(Reuters) -PayPal Holdings Inc on Monday cut its outlook for annual adjusted operating margin, overshadowing its profit forecast raise, sending shares in the payments firm down 5% in extending trading.
PayPal (NASDAQ:PYPL) expects adjusted operating margin expansion of 100 basis points this year, compared with its earlier forecast of a 125-basis-point growth.
Investors are assuming that the company’s branded checkout button, a high margin business, isn’t doing as well as people thought it was and the fear is that it is losing market share to Apple (NASDAQ:AAPL), Dan Dolev, analyst at Mizuho told Reuters, explaining the drop in PayPal shares.

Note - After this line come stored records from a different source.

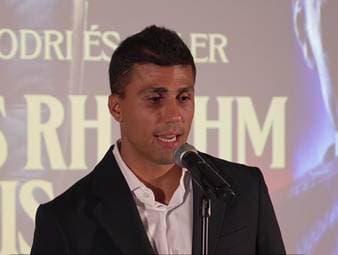 Rodri freut sich auf die Zusammenarbeit mit Hansi Flick. Der Neuzugang des FC Barcelona traut dem Trainer zu, ihn weiterzuentwickeln und setzt auf seine Erfahrung als Mehrwert für das Team.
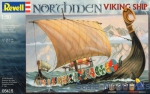 RV05415 Gift set - Viking Ship - Northmen incl. accessories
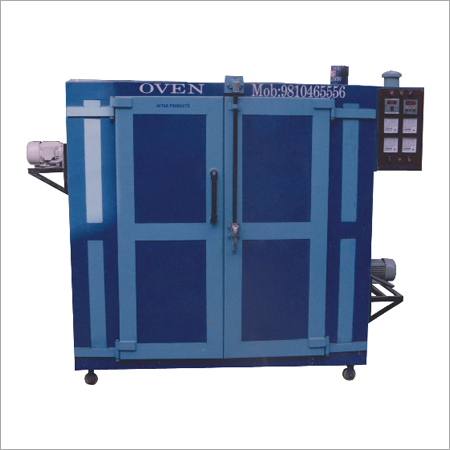 Industrial Oven By AVTAR MECHANICAL WORKS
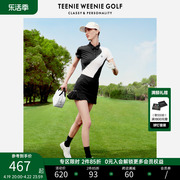 teenieweeniegolf小熊高尔夫女装a字，版型短裙运动半身裙气质裙子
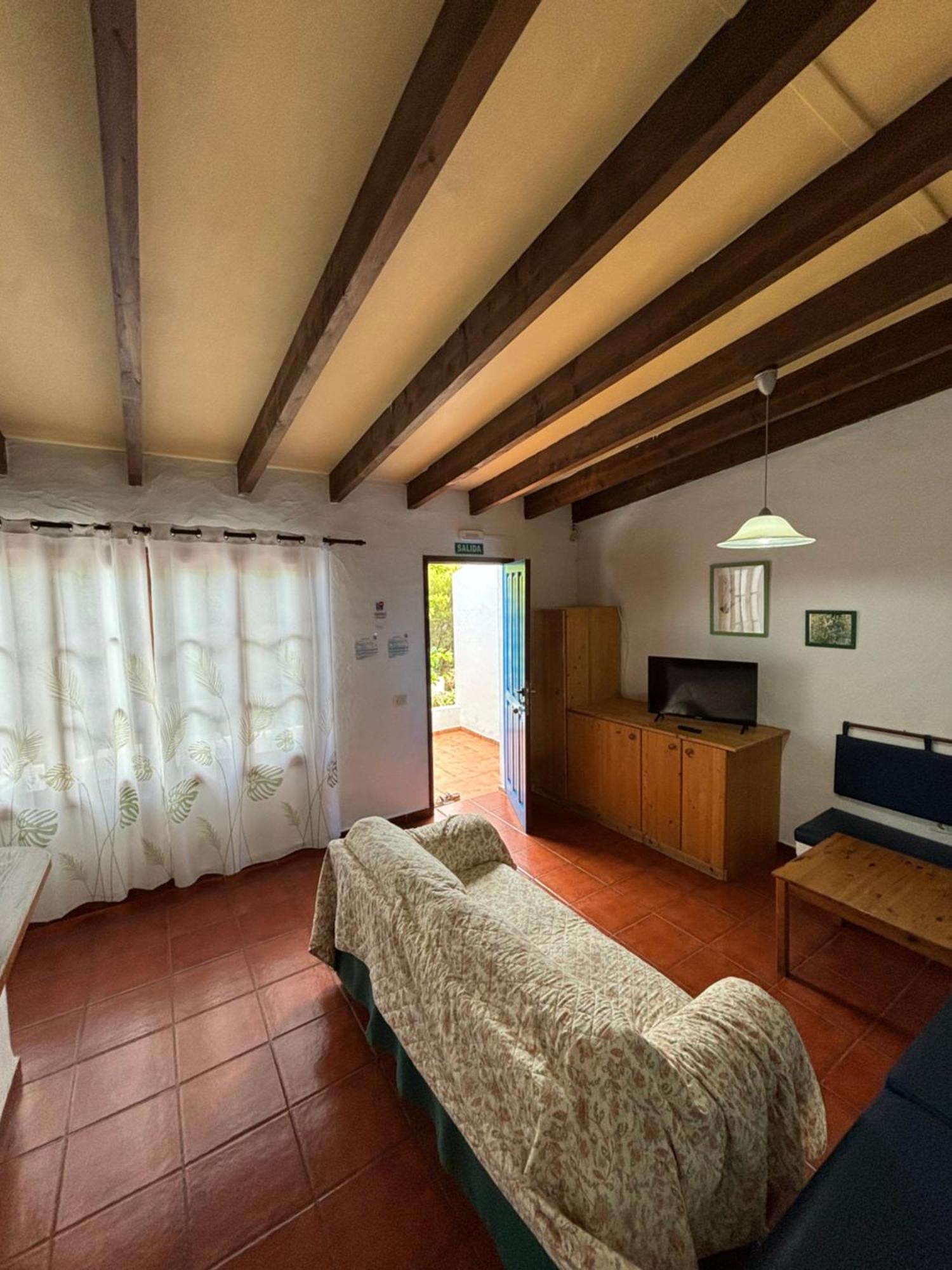 לה קאלטה Apartamentos Y Habitaciones Villa Marina מראה חיצוני תמונה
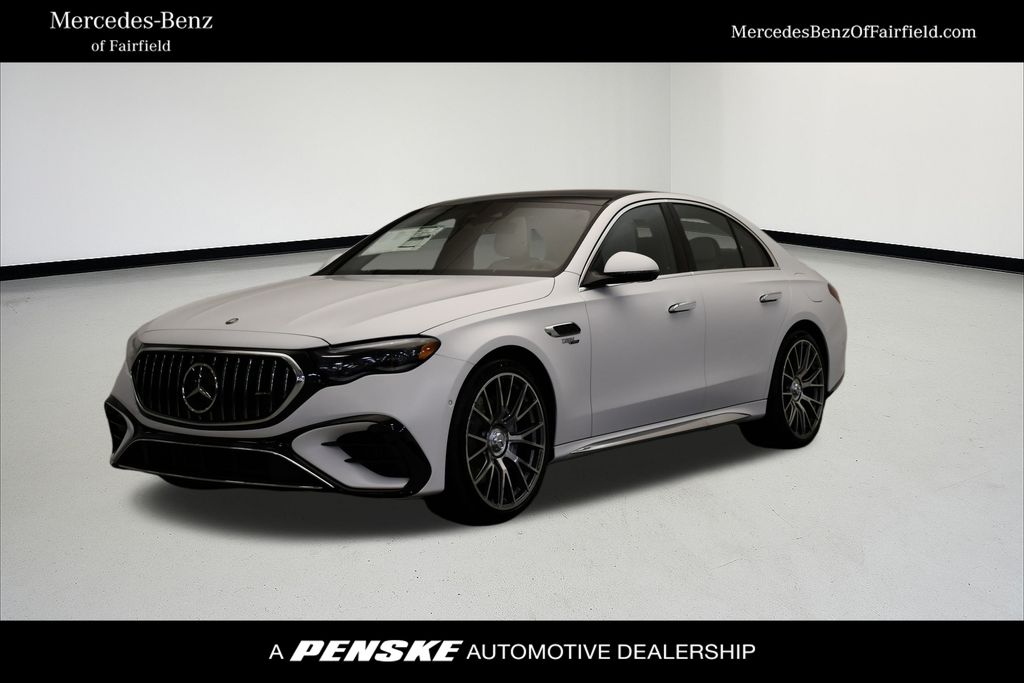2026 Mercedes-Benz E-Class AMG E53's photo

The high interest-rate environment has also begun to discourage expensive purchases as shoppers increasingly find themselves under heavy debt, particularly lower-income bracket customers, analysts have said.
PayPal payments volume on a forex-neutral basis came in at $354.5 billion in the first-quarter ended March 31, compared with $357.4 billion in the fourth-quarter.
Even as the company cut operating margin outlook, it raised its full-year adjusted profit forecast on the back of stronger-than-expected e-commerce trends and cost cuts.
PayPal now expects adjusted profit growth of about 20% to $4.95 per share, above analysts’ estimate of $4.88 per share.
The company also highlighted its push towards artificial intelligence in a call with analysts, as it expects new advances in generative AI to help accelerate its productivity initiatives.
“We expect AI will enable us to meaningfully lower our costs for years to come,” CEO Dan Schulman said, adding that the company intends to use the technology to add features for both merchants and consumers on its platform.
PayPal has said in the past that it is focused on lowering expenses while cautioning that inflation was impacting discretionary consumer spending.
PayPal revenue rose 10% on a forex-neutral basis to $7.04 billion in the first-quarter.
It posted a profit of $1.17 per share on an adjusted basis, compared with 88 cents last year.